Chester board mulls gardens, housing, short-term rentals in wide ranging meeting

By Shawn Cunningham
© 2022 Telegraph Publishing LLC

Coming in at just under three hours in length, the Oct. 19 Chester Select Board meeting got through a packed agenda that included a request for a lease to use the Canal Street well site for a community garden, a discussion of how to approach the lack of affordable housing, a further discussion of a proposed short-term rental ordinance and engineering updates on a secondary water well and a wastewater management plan.

Community garden chair Cheryl Joy Lipton asks the board to vote on leasing her group the Canal Street Well site. Photos by Shawn Cunningham

Chester Community Greenhouse and Gardens board chair Cheryl Joy Lipton told the board that 165 people have expressed support for the concept of putting community gardens in the 3-acre plot at the end of Canal Street, where the town’s emergency well is located.
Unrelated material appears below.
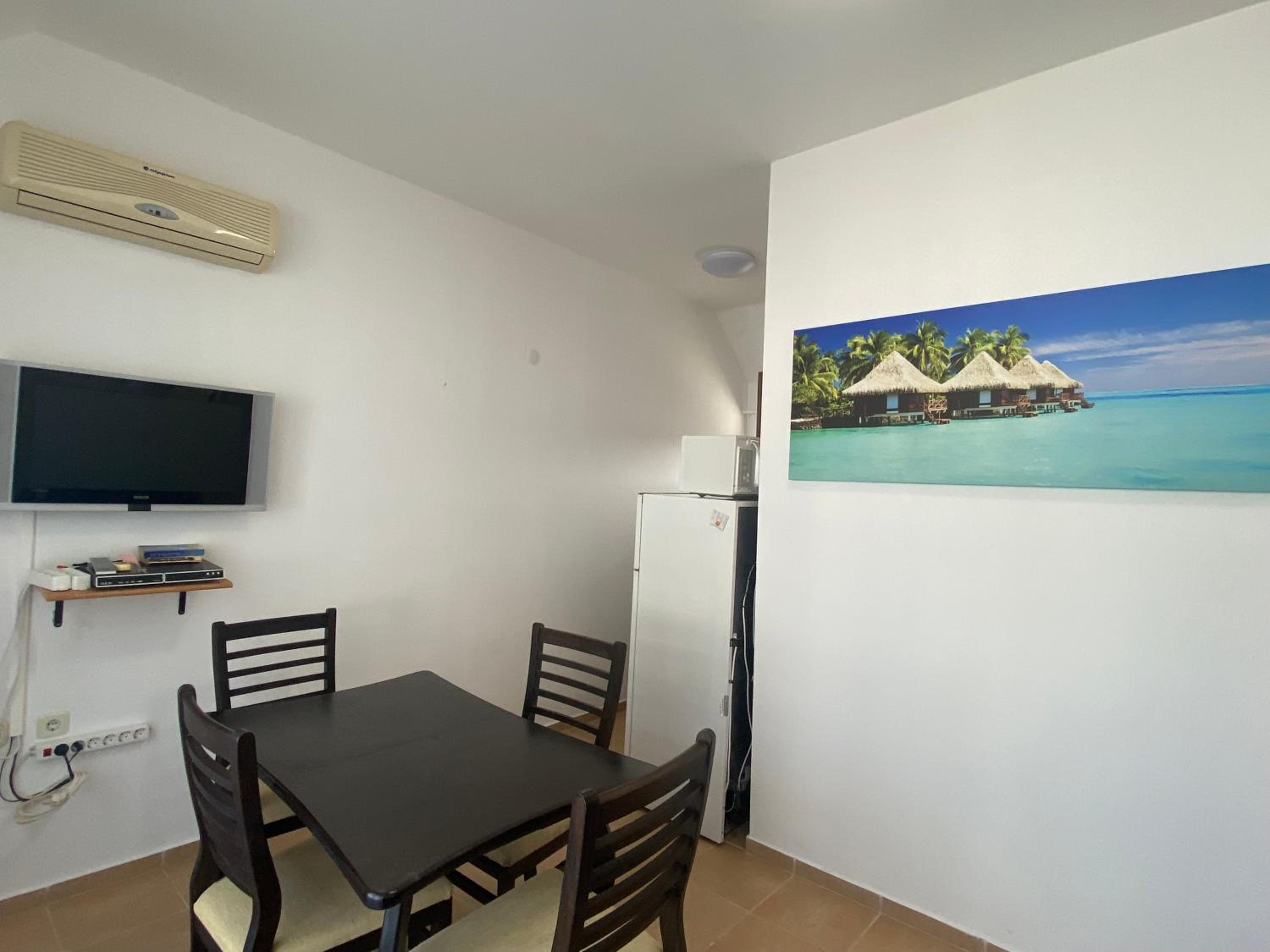 VISTA DEL MAR 2 A11 One Bedroom Apartment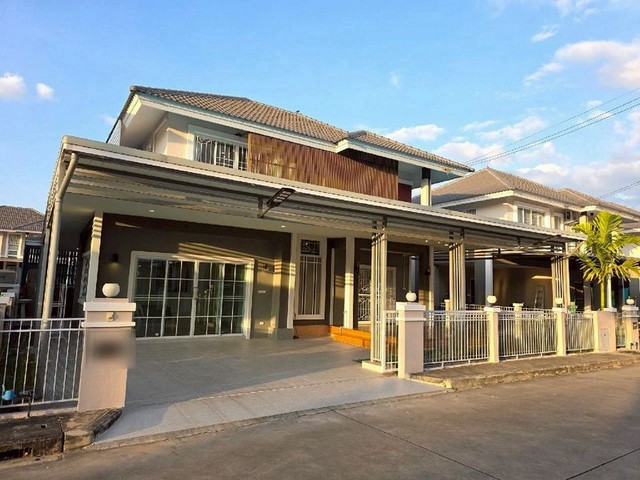 ให้เช่า 25,000 บาท/เดือน 62 ตรว. #กาญจน์กนกวิลล์15 #สารภี บ้านเดี่ยว 2 ชั้น  ทำเลดีมาก #ใกล้89พลาซ่า #ABS #วารี บ้านสภาพใหม่ ต่อเติมครบ พร้อมเฟอร์นิเจอร์ทั้งหลัง #ไม่รับสัตว์เลี้ยงพื้นที่ 62 ตร.ว.3 ห้องนอน 3 ห้องน้ำ(มีห้องต่อเติม สามารถใช้เป็นห้องนอนที่ 4 ได้) เฟอร์นิเจอร์ + เครื่องใช้ไฟฟ้าครบ กลอนประตูดิจิตอล กระจกนิรภัยเทมเปอร์สีเขียวตัดแสง ผ้าม่าน 2 ชั้นทั้งหลัง แอร์ Mitsubishi Inverter 6 �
She said she had researched previous uses including a carnival, skating rink and dirt bike riding. She thought that compared to those, gardening would be “gentle and quiet.”

While the town is waiting for a survey to lay out the boundaries, Lipton thought that would not have a bearing on the board’s approving the project.

Board chair Arne Jonynas saying he is afraid of ‘losing the spirit of the thing’ in making a lease

Board member Lee Gustafson recalled that he had asked for a plan in writing and Lipton said she expected to do that after the project was approved. Gustafson said that – for himself, not the board – he needed to see a plan with dates before he could approve of the plan. There was also discussion of whether a lease – even a simple one – was needed.

Board chair Arne Jonynas said he was afraid to lose “the spirit of the thing” in the legal aspects, but members agreed that some sort of agreement was needed.  Lipton asked if the board wanted to vote on it that night contingent on an agreement. Board members said no.

Water/Sewer Superintendent Jeff Holden expressed concern regarding the use of chemicals that could pollute the well site but Lipton said they would be practicing entirely organic gardening.

Town Manager Julie Hance said she would pull something together for the next meeting.

Housing needs, solutions

Hance told the board that there is  a lot of money coming along from the state that will be going toward housing.  Hance later told The Telegraph that this is American Rescue Plan money with similar deadlines to the ARPA funds the town is planning to spend. Such funds would need to be obligated by the end of  2024 and spent by the end of 2026. 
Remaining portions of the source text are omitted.